The result should be an exact copy of the entries that follow, with no pictures included.

+++ THE INPUT

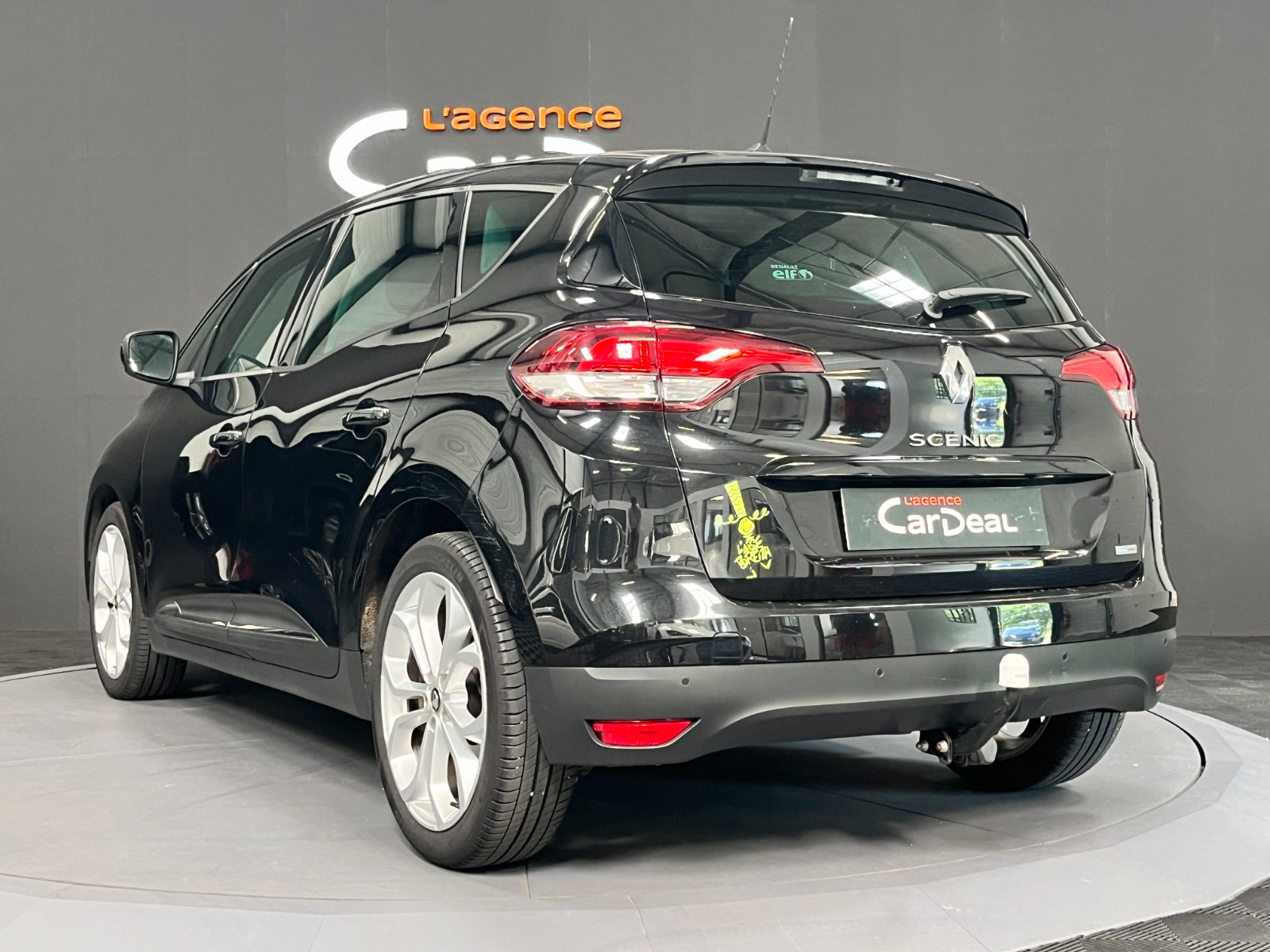 Photo véhicule RENAULT SCENIC IV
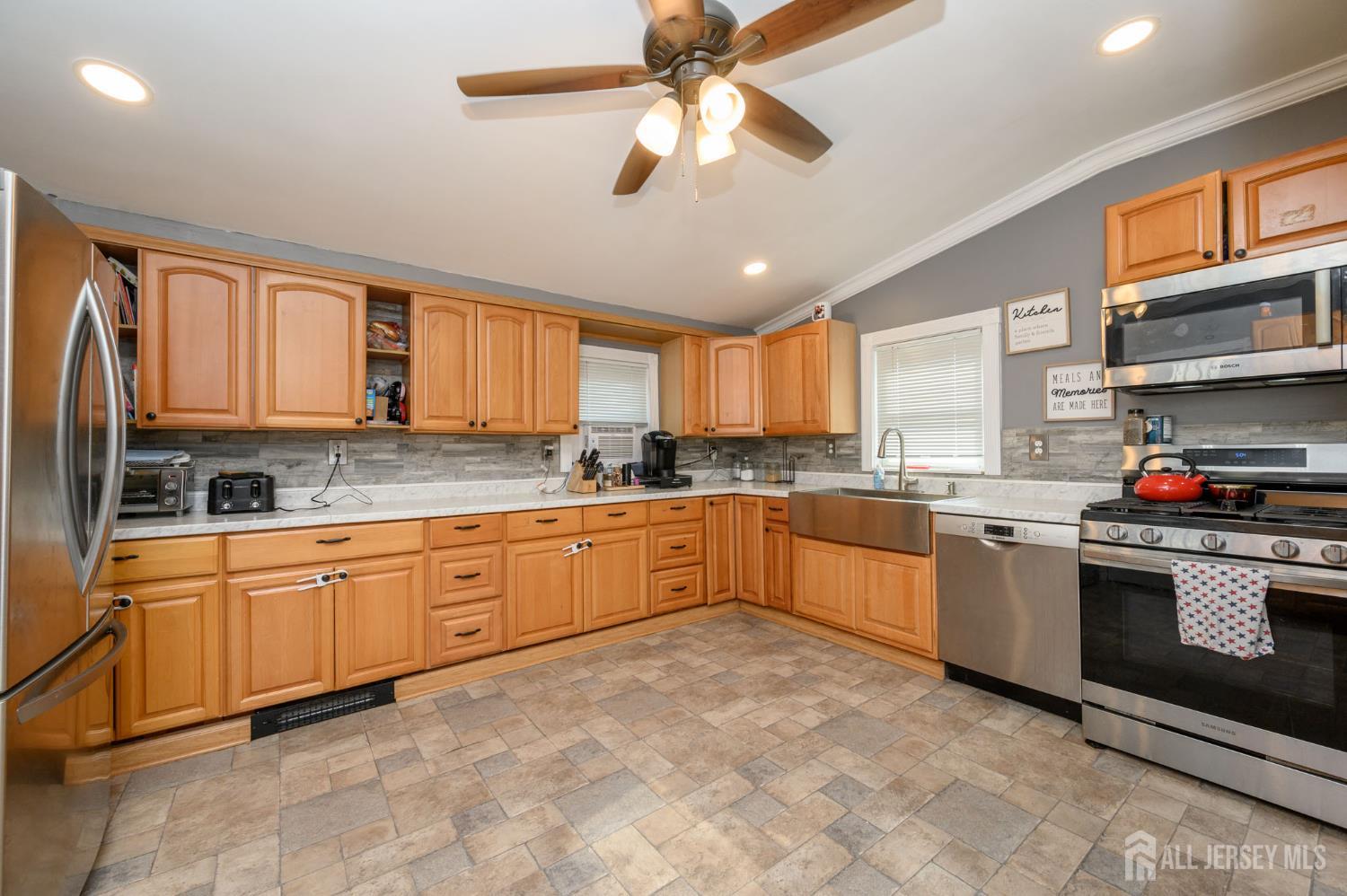 17 Tennent Avenue, Englishtown, NJ, 07726 image 11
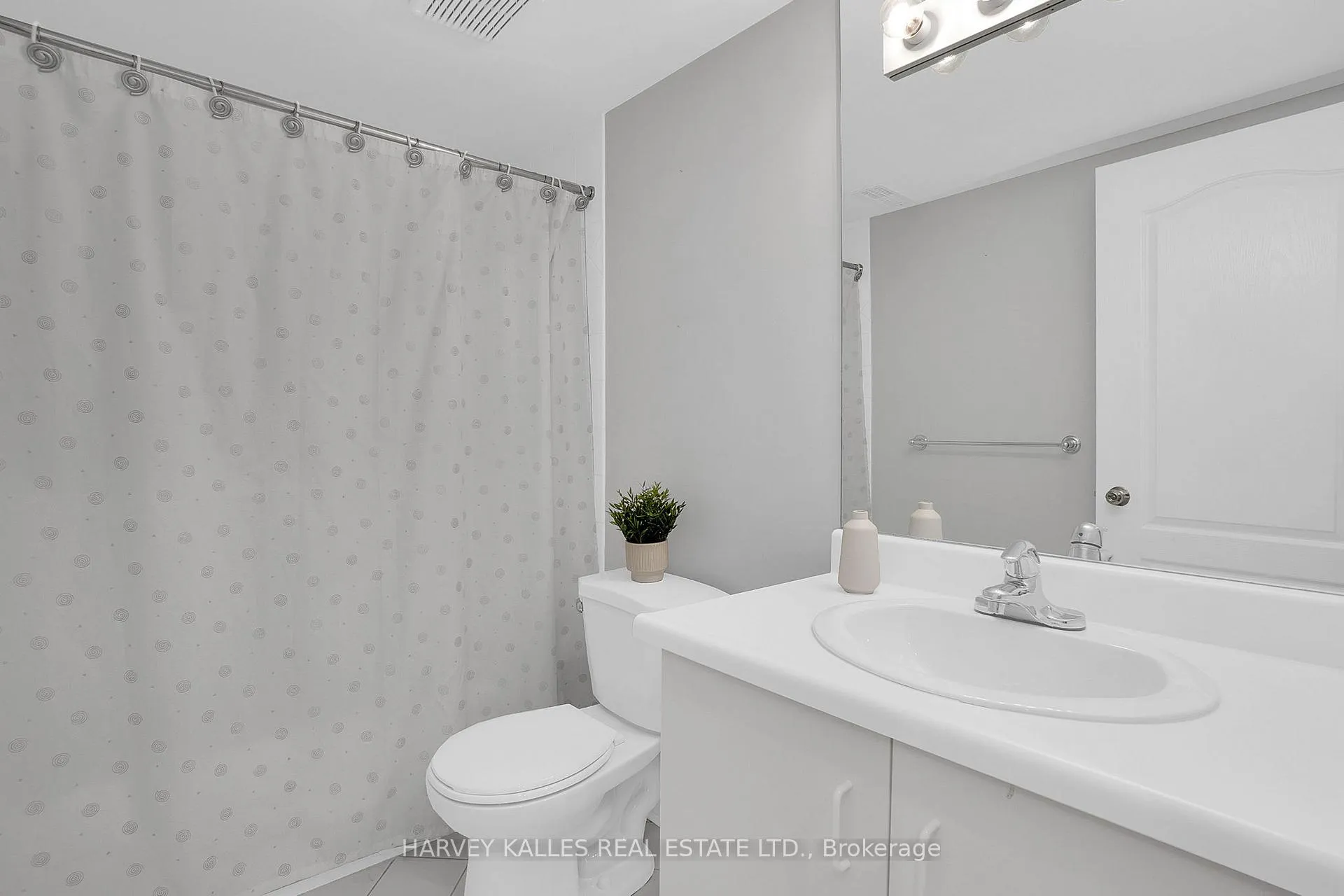 Photo 36 of 398 Bedford Park, Toronto, Bedford Park-Nortown — HOMEH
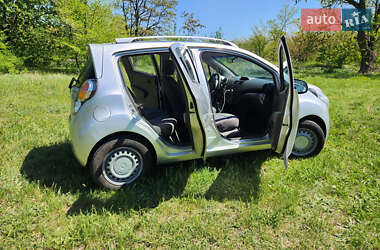 Хэтчбек Chevrolet Spark 2012 в 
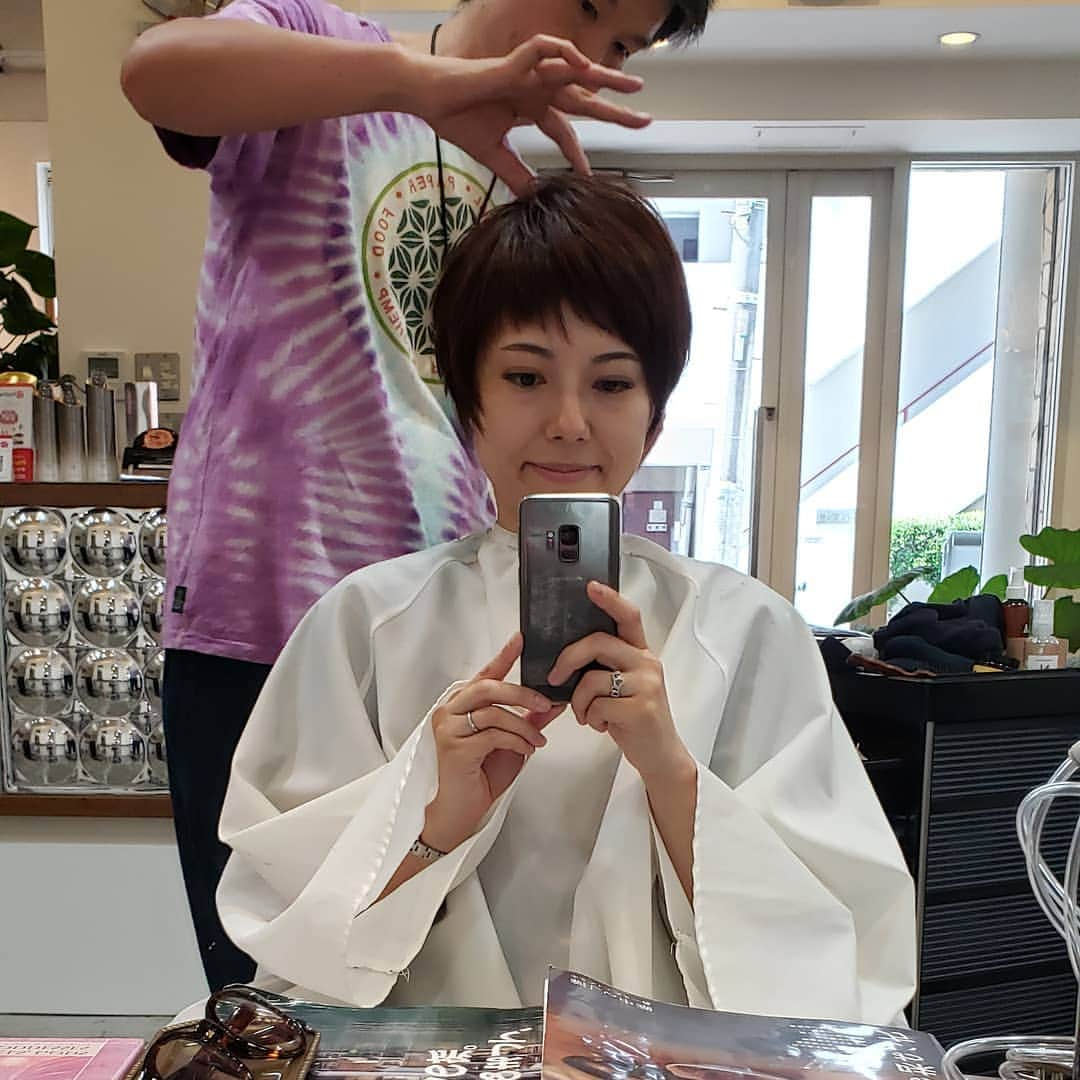 梅田陽子さんのインスタグラム写真 - (梅田陽子Instagram)「あんまりにも暑いので髪の毛切りました。すっきりショートは楽々。  #美容室#hair#20才頃から同じ美容師さんに切っていただいています#事務所のマネージャーさんからの紹介#石塚武 さん#ヒーラー でもあり不思議な人です(笑) #いつもありがとうございます」6月29日 0時01分 - yokoumeda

++++++

### TASK OUTPUT:
 Photo véhicule RENAULT SCENIC IV
 17 Tennent Avenue, Englishtown, NJ, 07726 image 11
 Photo 36 of 398 Bedford Park, Toronto, Bedford Park-Nortown — HOMEH
 Хэтчбек Chevrolet Spark 2012 в 
 梅田陽子さんのインスタグラム写真 - (梅田陽子Instagram)「あんまりにも暑いので髪の毛切りました。すっきりショートは楽々。  #美容室#hair#20才頃から同じ美容師さんに切っていただいています#事務所のマネージャーさんからの紹介#石塚武 さん#ヒーラー でもあり不思議な人です(笑) #いつもありがとうございます」6月29日 0時01分 - yokoumeda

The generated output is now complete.